Once you reach the line with "شال صورتی زنانه کرپ hijabchi - کد 888921291" below, copy each line exactly, stopping after the line with "Sempertex 30cm Birthday", and skip any pictures.

··· Information given ···

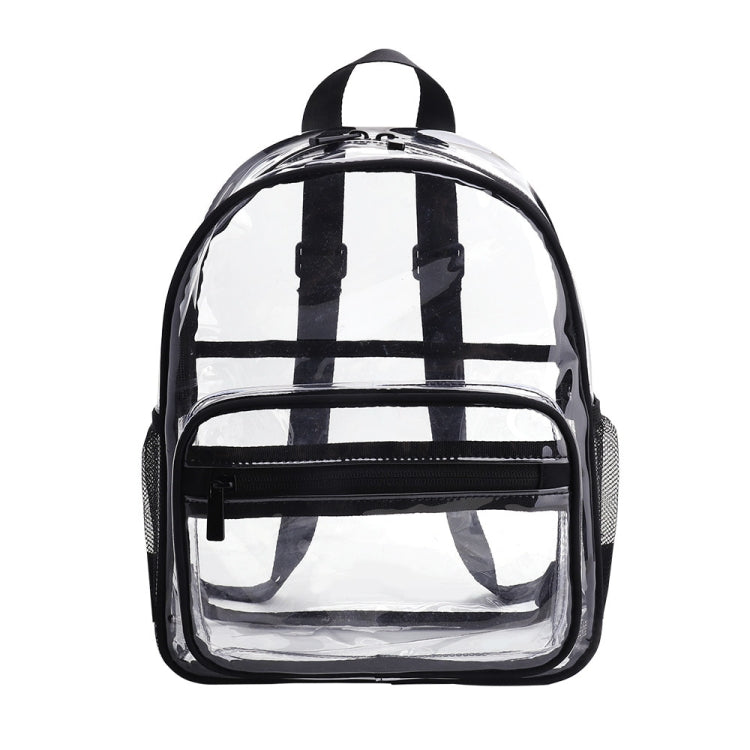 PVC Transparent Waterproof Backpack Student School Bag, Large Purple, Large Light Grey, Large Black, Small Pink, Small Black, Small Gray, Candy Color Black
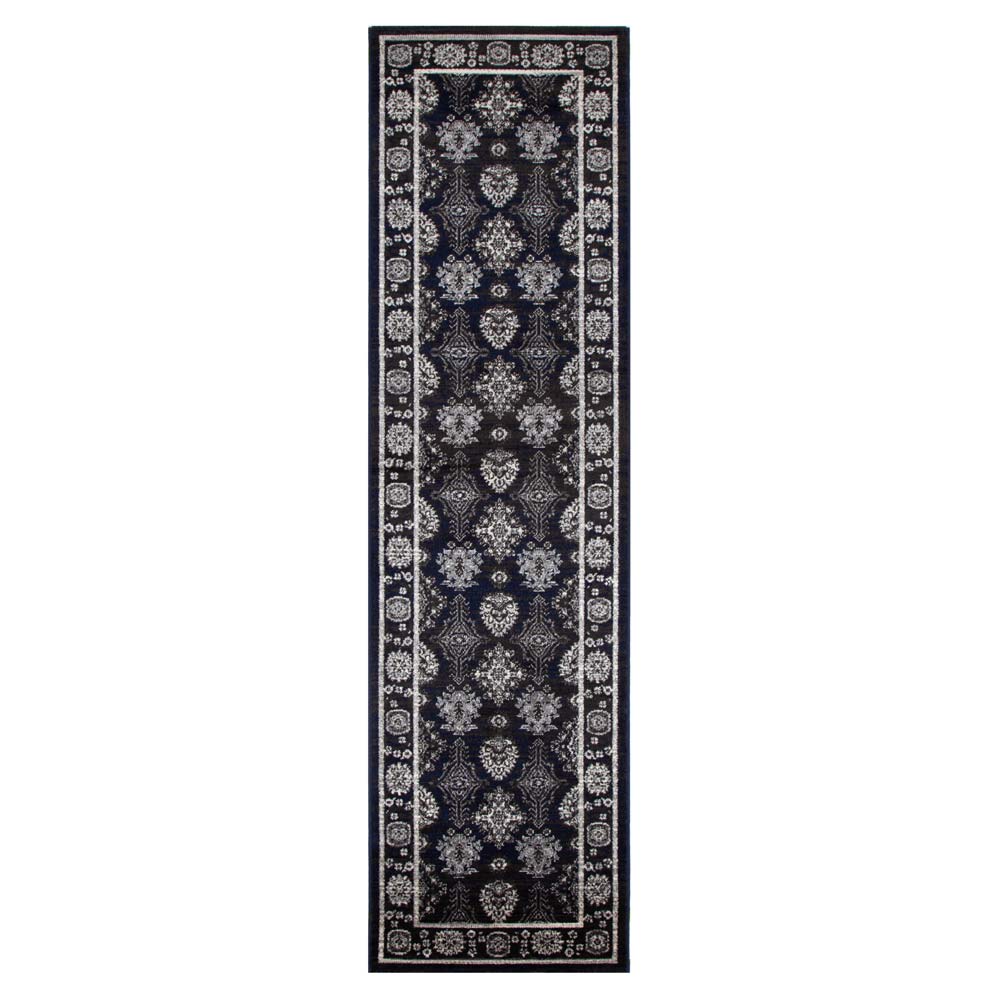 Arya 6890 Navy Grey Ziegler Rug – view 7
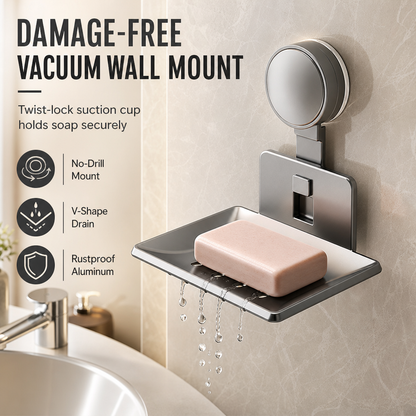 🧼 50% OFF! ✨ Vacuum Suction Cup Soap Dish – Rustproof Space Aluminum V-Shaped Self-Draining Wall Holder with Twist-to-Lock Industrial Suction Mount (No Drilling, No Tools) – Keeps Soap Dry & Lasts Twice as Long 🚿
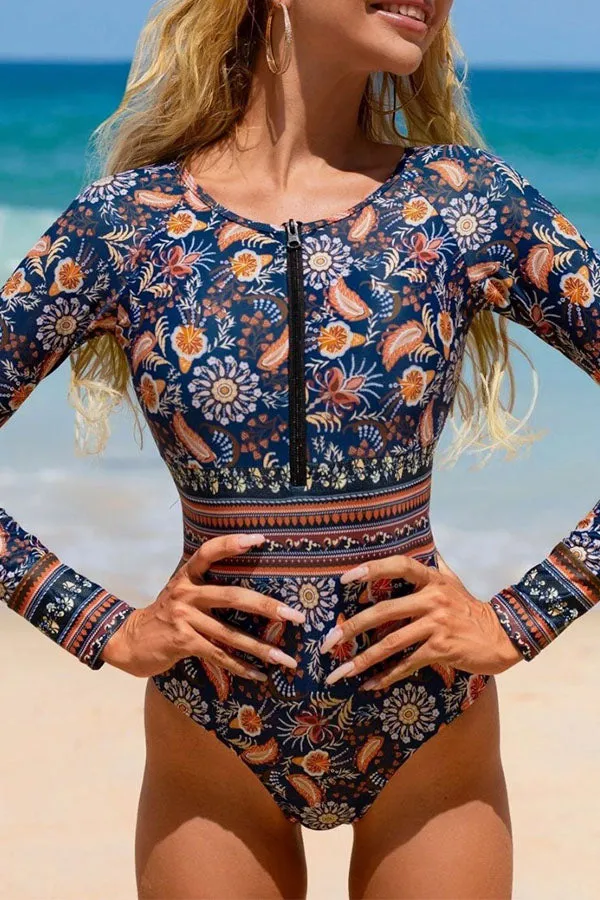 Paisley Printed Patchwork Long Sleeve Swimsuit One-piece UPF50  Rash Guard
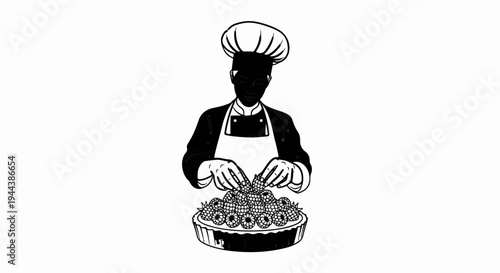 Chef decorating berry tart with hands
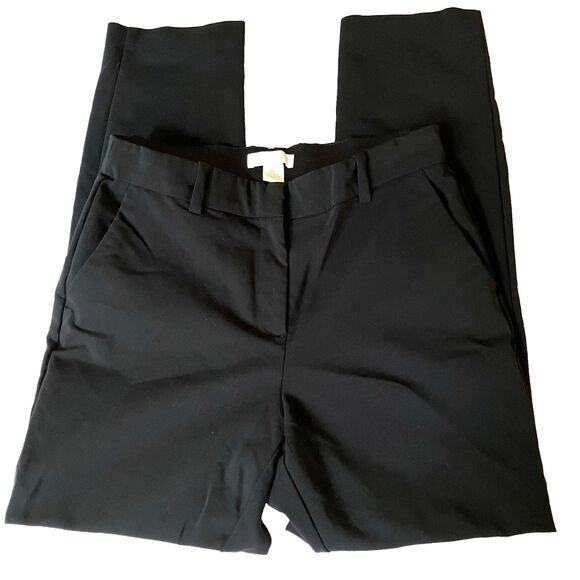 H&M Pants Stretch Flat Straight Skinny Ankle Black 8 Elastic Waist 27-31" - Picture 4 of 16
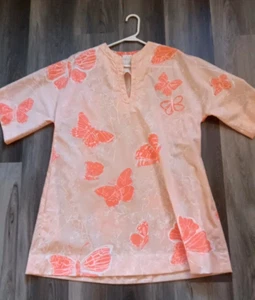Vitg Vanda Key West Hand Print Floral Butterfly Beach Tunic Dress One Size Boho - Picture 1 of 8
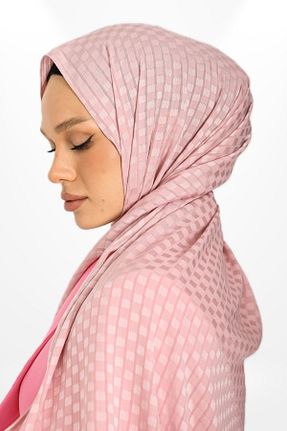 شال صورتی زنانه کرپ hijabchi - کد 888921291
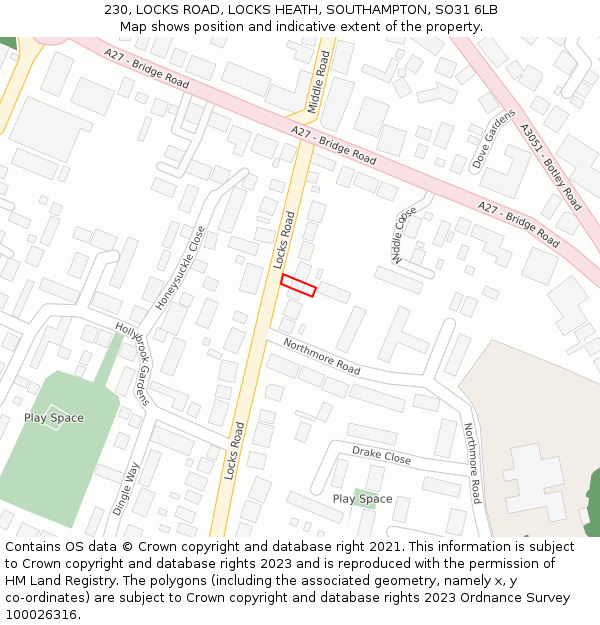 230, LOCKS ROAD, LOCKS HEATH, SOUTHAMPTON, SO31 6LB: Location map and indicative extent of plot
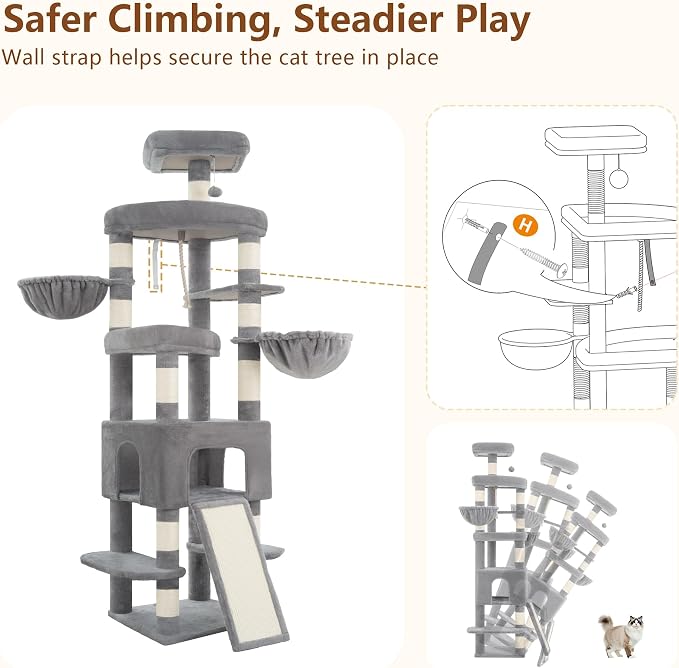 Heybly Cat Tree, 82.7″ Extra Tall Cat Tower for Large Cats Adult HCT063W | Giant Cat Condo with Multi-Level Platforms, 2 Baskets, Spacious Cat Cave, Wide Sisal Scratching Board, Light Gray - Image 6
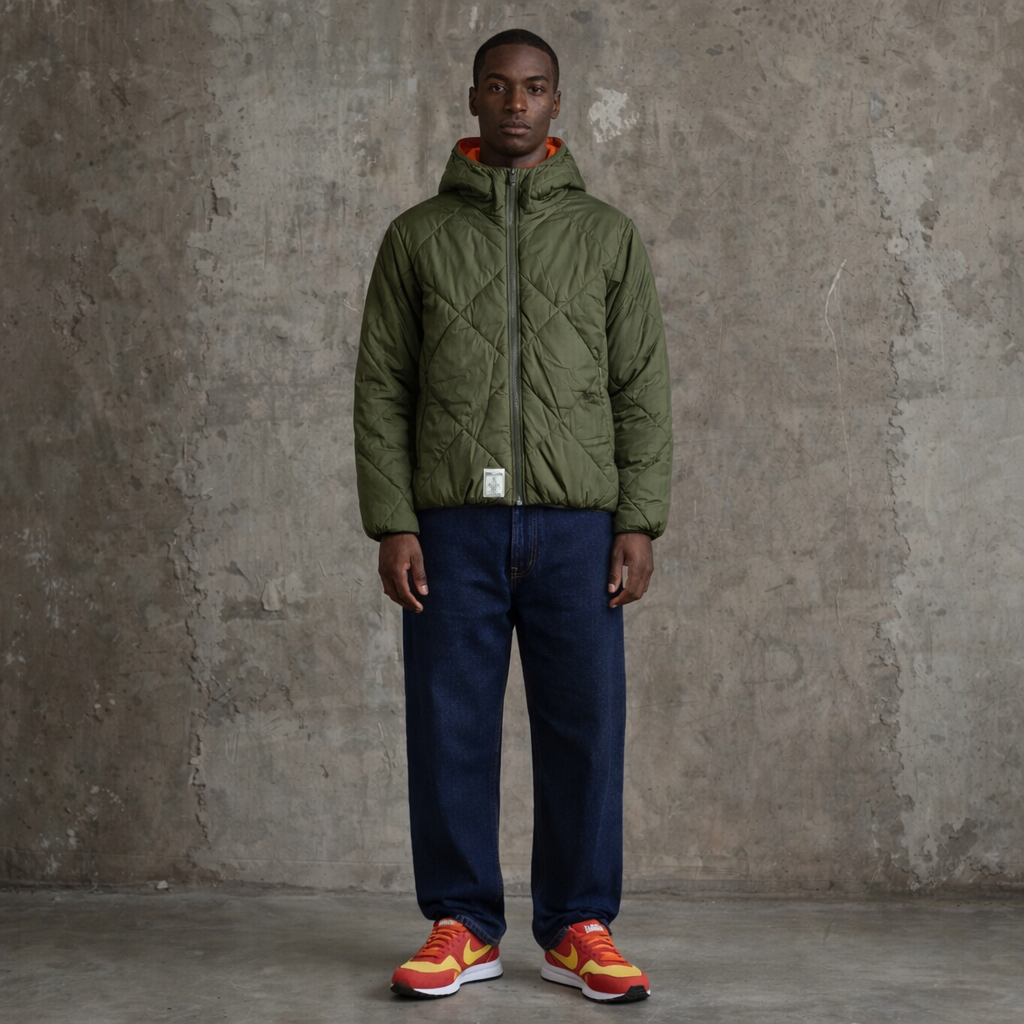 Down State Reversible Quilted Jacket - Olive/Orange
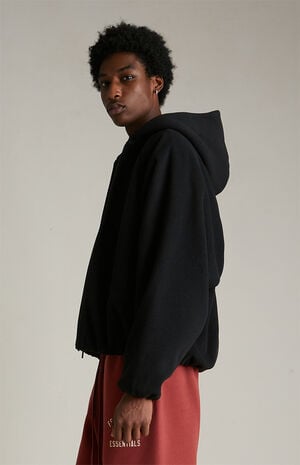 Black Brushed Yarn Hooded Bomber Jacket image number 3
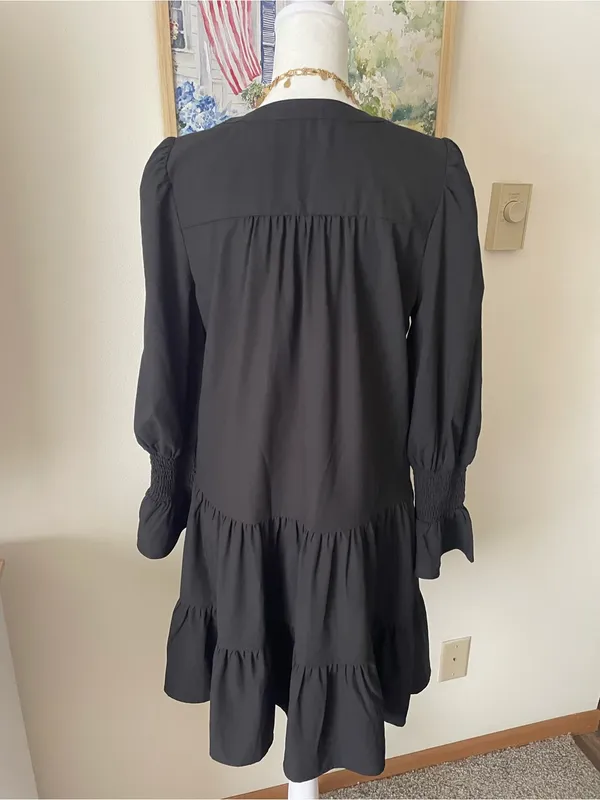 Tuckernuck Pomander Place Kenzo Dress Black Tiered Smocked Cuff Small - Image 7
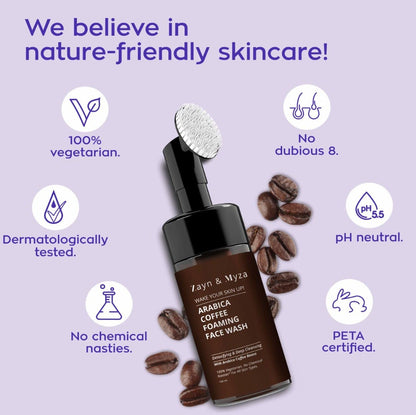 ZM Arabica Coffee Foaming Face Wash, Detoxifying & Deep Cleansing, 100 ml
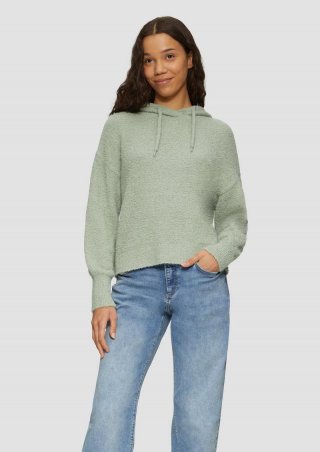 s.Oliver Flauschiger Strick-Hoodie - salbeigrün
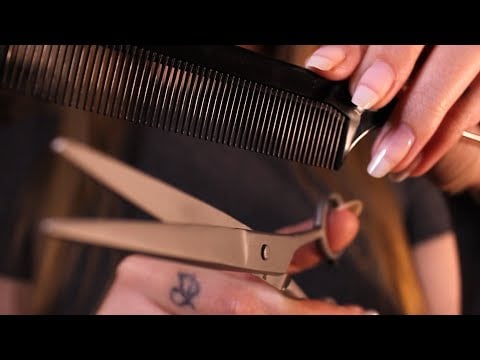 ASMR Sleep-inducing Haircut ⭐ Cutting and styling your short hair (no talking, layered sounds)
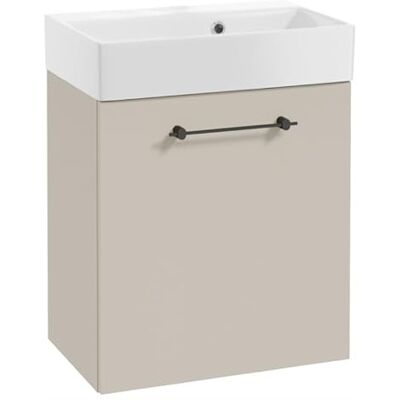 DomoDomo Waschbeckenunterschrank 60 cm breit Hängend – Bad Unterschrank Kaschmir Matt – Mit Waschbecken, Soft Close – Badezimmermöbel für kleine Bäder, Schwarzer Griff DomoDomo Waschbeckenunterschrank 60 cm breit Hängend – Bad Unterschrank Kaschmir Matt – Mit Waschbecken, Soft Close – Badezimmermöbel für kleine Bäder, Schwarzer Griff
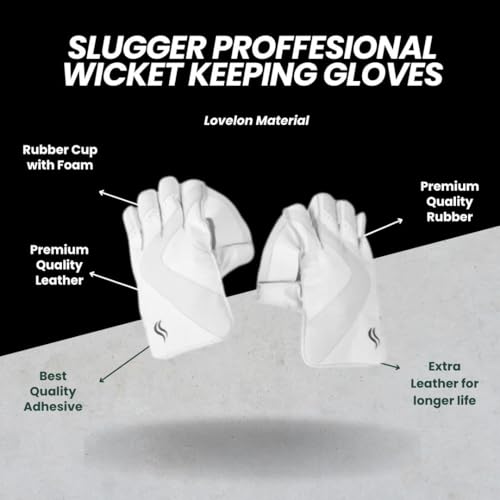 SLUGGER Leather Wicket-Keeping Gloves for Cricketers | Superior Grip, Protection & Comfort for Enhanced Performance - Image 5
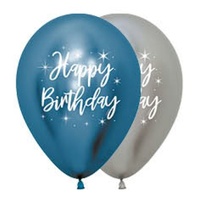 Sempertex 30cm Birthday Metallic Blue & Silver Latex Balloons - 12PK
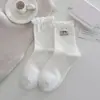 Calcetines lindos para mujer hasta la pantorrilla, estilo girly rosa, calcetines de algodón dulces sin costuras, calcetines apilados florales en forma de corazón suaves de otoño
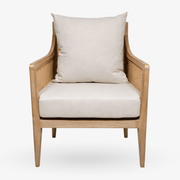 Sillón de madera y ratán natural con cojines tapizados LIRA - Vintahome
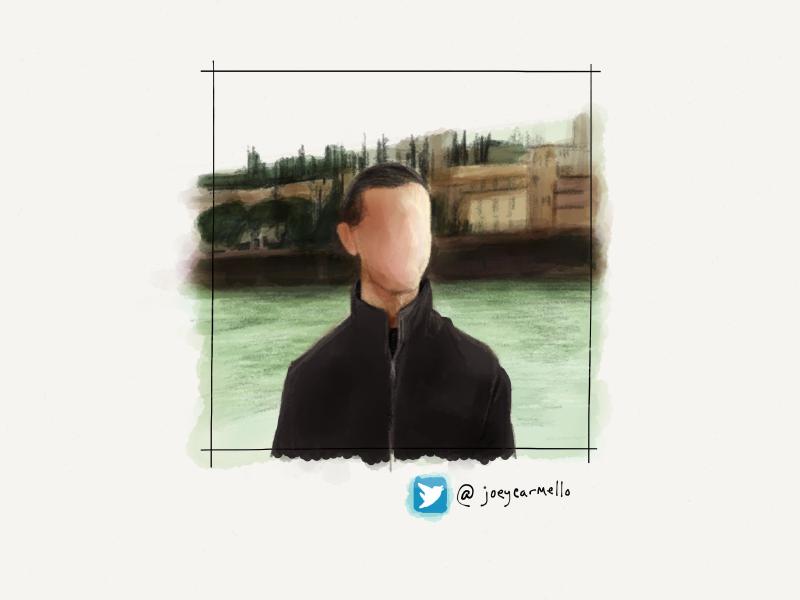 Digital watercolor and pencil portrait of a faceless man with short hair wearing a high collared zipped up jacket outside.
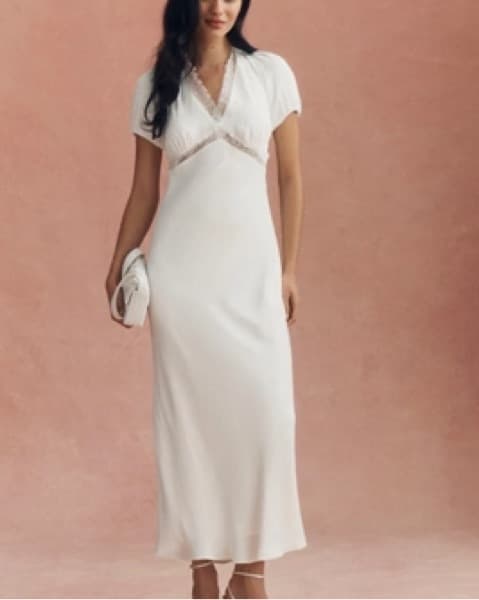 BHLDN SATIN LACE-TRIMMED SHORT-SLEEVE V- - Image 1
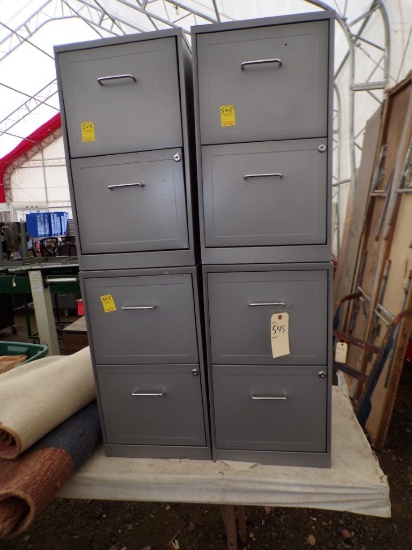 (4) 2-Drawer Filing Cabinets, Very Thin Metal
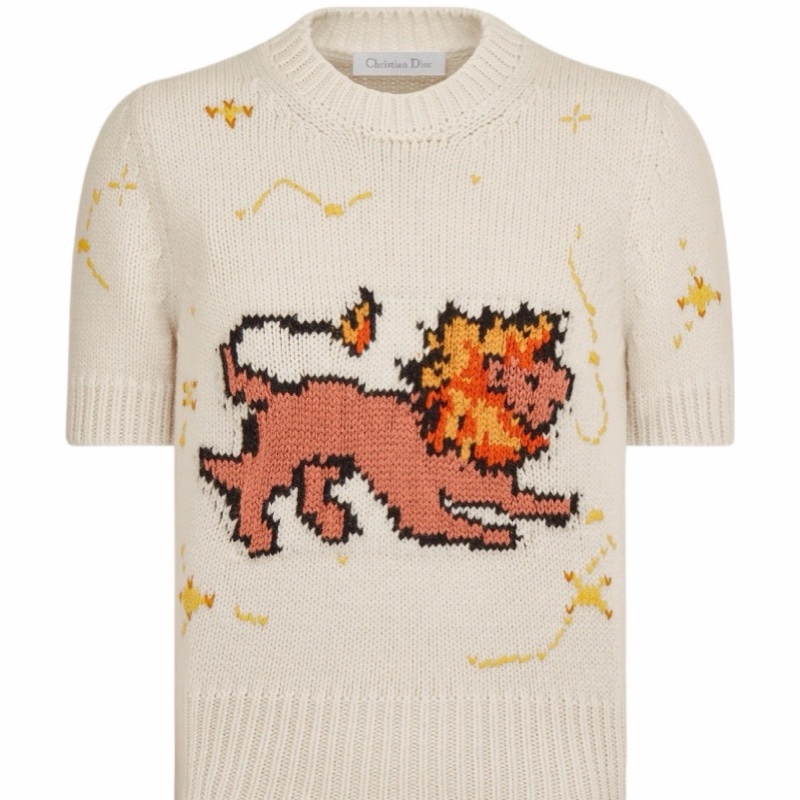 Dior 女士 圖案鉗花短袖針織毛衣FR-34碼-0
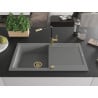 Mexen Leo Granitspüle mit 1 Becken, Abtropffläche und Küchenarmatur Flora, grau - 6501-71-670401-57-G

···

#### [Written response]
 شال صورتی زنانه کرپ hijabchi - کد 888921291
 230, LOCKS ROAD, LOCKS HEATH, SOUTHAMPTON, SO31 6LB: Location map and indicative extent of plot
 Heybly Cat Tree, 82.7″ Extra Tall Cat Tower for Large Cats Adult HCT063W | Giant Cat Condo with Multi-Level Platforms, 2 Baskets, Spacious Cat Cave, Wide Sisal Scratching Board, Light Gray - Image 6
 Down State Reversible Quilted Jacket - Olive/Orange
 Black Brushed Yarn Hooded Bomber Jacket image number 3
 Tuckernuck Pomander Place Kenzo Dress Black Tiered Smocked Cuff Small - Image 7
 ZM Arabica Coffee Foaming Face Wash, Detoxifying & Deep Cleansing, 100 ml
 s.Oliver Flauschiger Strick-Hoodie - salbeigrün
 ASMR Sleep-inducing Haircut ⭐ Cutting and styling your short hair (no talking, layered sounds)
 DomoDomo Waschbeckenunterschrank 60 cm breit Hängend – Bad Unterschrank Kaschmir Matt – Mit Waschbecken, Soft Close – Badezimmermöbel für kleine Bäder, Schwarzer Griff DomoDomo Waschbeckenunterschrank 60 cm breit Hängend – Bad Unterschrank Kaschmir Matt – Mit Waschbecken, Soft Close – Badezimmermöbel für kleine Bäder, Schwarzer Griff
 SLUGGER Leather Wicket-Keeping Gloves for Cricketers | Superior Grip, Protection & Comfort for Enhanced Performance - Image 5
 Sempertex 30cm Birthday Metallic Blue & Silver Latex Balloons - 12PK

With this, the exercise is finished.